I just wonder if he realizes how perfectly his definition of the problem applies to the situation here at home.

Think about what you've heard over the last four years from the Democrats and most of the mainstream media. The Daniel Pearl story lasted a month, but Abu Ghraib went on and on and on.

Hearts and minds do matter -- especially Americans' hearts and minds. We don't have enough people telling our side of the story here at home, much less in the Middle East.

"I think the transcendent challenge of the 21st century is the struggle against radical Islamic extremism," McCain told us on Tuesday.

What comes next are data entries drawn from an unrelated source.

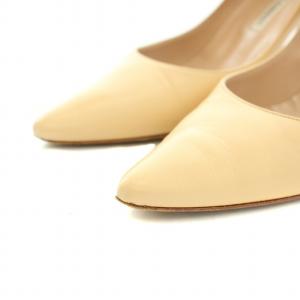 MANOLO BLAHNIK パンプス ポインテッドトゥ ハイヒール レザー 36 23.0cm ベージュ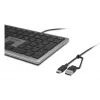 Kensington KB515 EQ vadu tastatūra ar USB-C/USB-A, pilnizmēra (100%), QWERTY, pelēka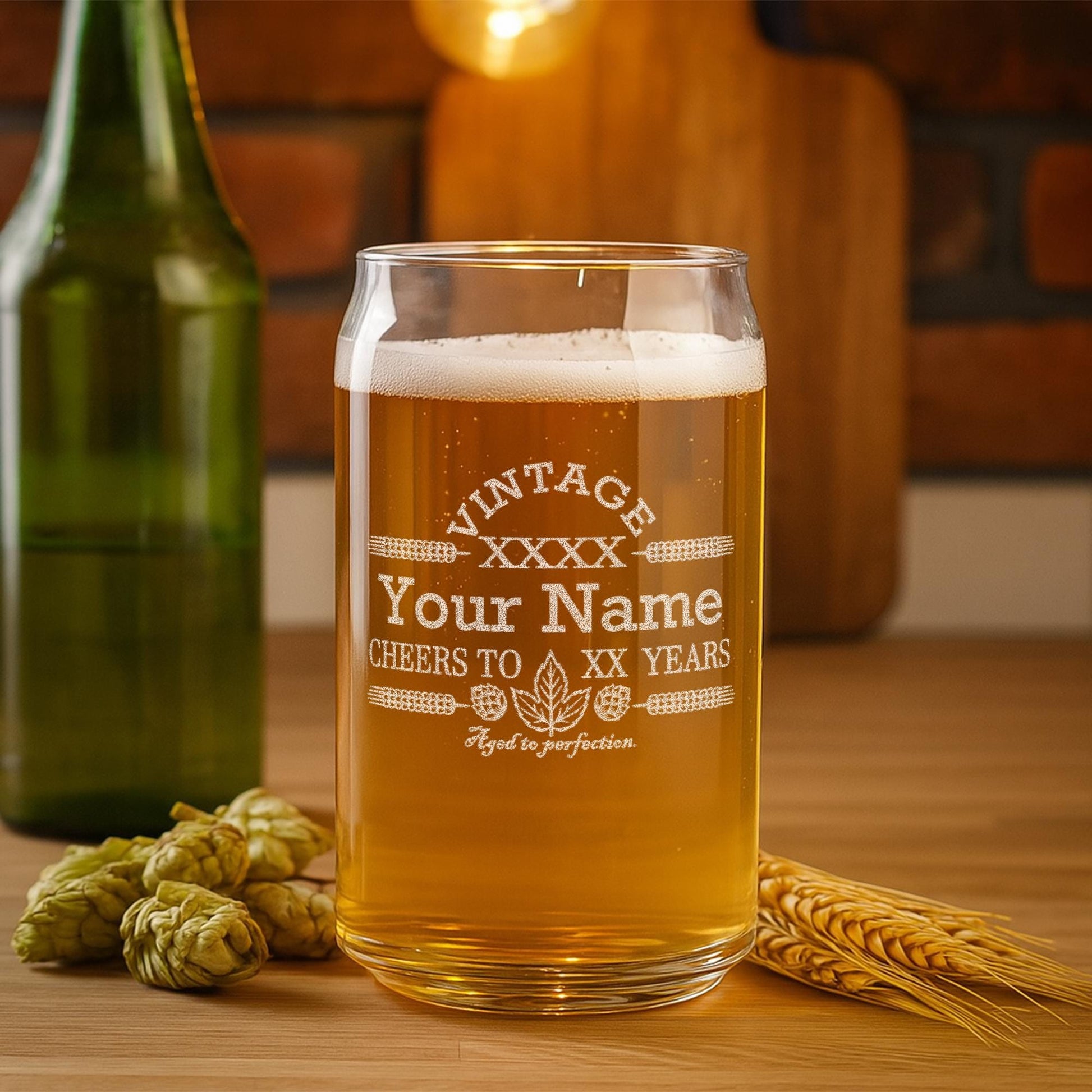 Engraved Customized Beer Can Glass-Vintage-Cheers-Aged to Perfection-Personalized Birthday Gift for Men and Women
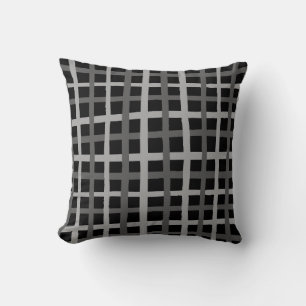 Abstraktes Wavy Grid Muster Kissen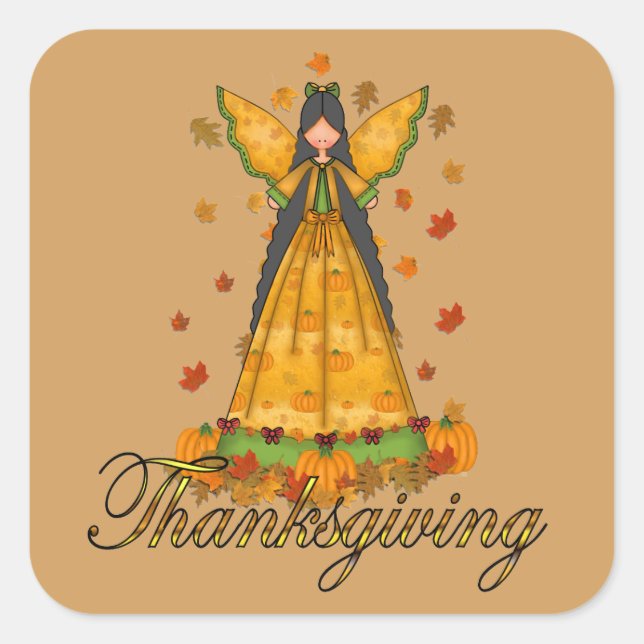 Thanksgiving Holiday Angel Seasonal fun sticker (Front)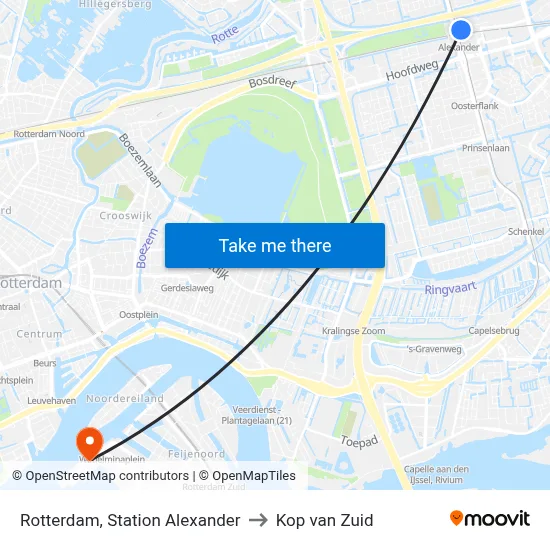 Rotterdam, Station Alexander to Kop van Zuid map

He's right, so why should good news for our side in that struggle be bad news for the Democrats? At least, that's what the Democrats say.


08-05-2007, 08:53 AM
Rep. Nancy Boyda (D-KS) walked out of a hearing of the House Armed Services Committee because she couldn't stand to listen to what retired General Jack Keane, former vice chief of staff of the Army, was saying.

"There is only so much you can take until we in fact had to leave the room for a while...after so much frustration of having to listen to what we listened to," Ms. Boyda explained to reporters later.

What did Gen. Keane say to so upset Ms. Boyda? He'd visited contested neighborhoods in Baghdad in February, and again three months later:

"What you see is a stark contrast. All the schools are open. The markets are teeming with people...There is an attempt to provide essential services to the population where in '06 there were none."

"Those kinds of comments will in fact show up in the media and further divide this country instead of saying, here's the reality of the problem," Rep. Boyda said. "And people, we have to come together and deal with the reality of this issue."

It is difficult to say which is the more remarkable: that Ms. Boyda, whose military experience is zero, imagines she knows "the reality of this issue" better than does Gen. Keane; or that she is appalled by good news from Iraq.